My lines of code specifically are:

library(anndata)
ad <- read_h5ad("ad.h5ad")
data.input <- t(as.matrix(ad$X)).  #since I already have the norm log1p data in X

meta <- ad$obs
meta$labels <- meta$Cell_types.  #I know probably redundant

library(CellChat)
cellchat <- createCellChat(object = data.input, meta = meta, group.by = "labels")
CellChatDB <- CellChatDB.mouse
showDatabaseCategory(CellChatDB)
CellChatDB.use <- CellChatDB
cellchat@DB <- CellChatDB.use
cellchat <- subsetData(cellchat)
cellchat <- identifyOverExpressedGenes(cellchat)
cellchat <- identifyOverExpressedInteractions(cellchat)

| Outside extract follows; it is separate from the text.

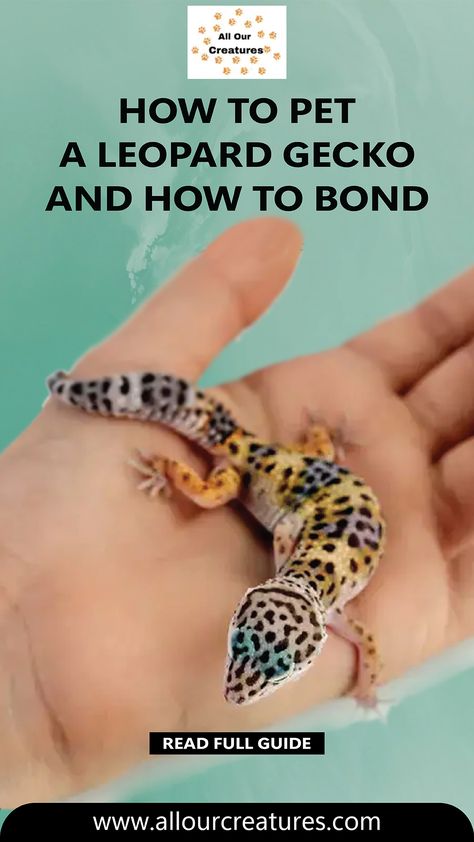 Discover the joys of petting and bonding with a Leopard Gecko. In our detailed guide, we provide you with step-by-step instructions on the proper hand placement and approach to petting these remarkable lizards. We'll also delve into the art of bonding, unveiling the secrets to making your Gecko happy and content in your presence. Never underestimate the power of connection – let us show you how to create a unique and fulfilling relationship with your pet Leopard Gecko. Gecko Pet, Pet Leopard, Happy And Content, Hand Placement, Leopard Geckos, Leopard Gecko, Life Board, Pet Life, Historical Facts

The problem arises right after, when launching: cellchat <- computeCommunProb(cellchat, type = "triMean") At first it seems to work but then it outputs: Error in if (sum(P1) == 0) {: missing value where TRUE/FALSE needed

I can't figure out what bothers that function. I've looked through issues and questions here on Git but I still have no clue. Can anyone help me please? Thank you in advance, so so much!

sqjin commented 6 months ago

@radiasso Can you check the updated tutorial

radiasso commented 6 months ago

@radiasso Can you check the updated tutorial

Hi! Thank you for your answer. Unfortunately, I had followed that tutorial and I tried again right now, but the error is always the same when I try to launch computeCommunProb.

> library(anndata)
> ad <- read_h5ad("ad.h5ad")
> data.input <- t(as.matrix(ad$X))  #my normalized and log1p data is in X already
> meta <- ad$obs 
> meta$labels <- meta[["Cell_types"]] 
> library(CellChat)
> cellchat <- createCellChat(object = data.input, meta = meta, group.by = "labels")
[1] "Create a CellChat object from a data matrix"
Set cell identities for the new CellChat object 
The cell groups used for CellChat analysis are  Collecting Duct, DCT-CNT, Endothelial, Leucocytes, Loop of Henle, PEC, PT-S1, PT-S2, PT-S3 

> CellChatDB <- CellChatDB.mouse
> showDatabaseCategory(CellChatDB)
> CellChatDB.use <- CellChatDB
> cellchat@DB <- CellChatDB.use
> cellchat <- subsetData(cellchat)
> cellchat <- identifyOverExpressedGenes(cellchat)
> cellchat <- identifyOverExpressedInteractions(cellchat)
  |++++++++++++++++++++++++++++++++++++++++++++++++++| 100% elapsed=00s  
  |++++++++++++++++++++++++++++++++++++++++++++++++++| 100% elapsed=00s  
  |++++++++++++++++++++++++++++++++++++++++++++++++++| 100% elapsed=01s  
The number of highly variable ligand-receptor pairs used for signaling inference is 1027 

> cellchat <- computeCommunProb(cellchat, type = "triMean")
triMean is used for calculating the average gene expression per cell group. 
[1] ">>> Run CellChat on sc/snRNA-seq data <<< [2024-02-19 14:12:48]"
  |                                                                      |   0%Error in if (sum(P1_Pspatial) == 0) { : 
  missing value where TRUE/FALSE needed

Basically the only different thing from the tutorial you linked is > meta$labels <- meta[["Cell_types"]], but the rest is the same. If it helps, I get warnings(), it says In log(x) : NaNs produced.

Same thing happens when I start from the sce object with zellkonverter. How can I fix this please?

sqjin commented 6 months ago

@radiasso Can you show data.input[1:10, 1:10]?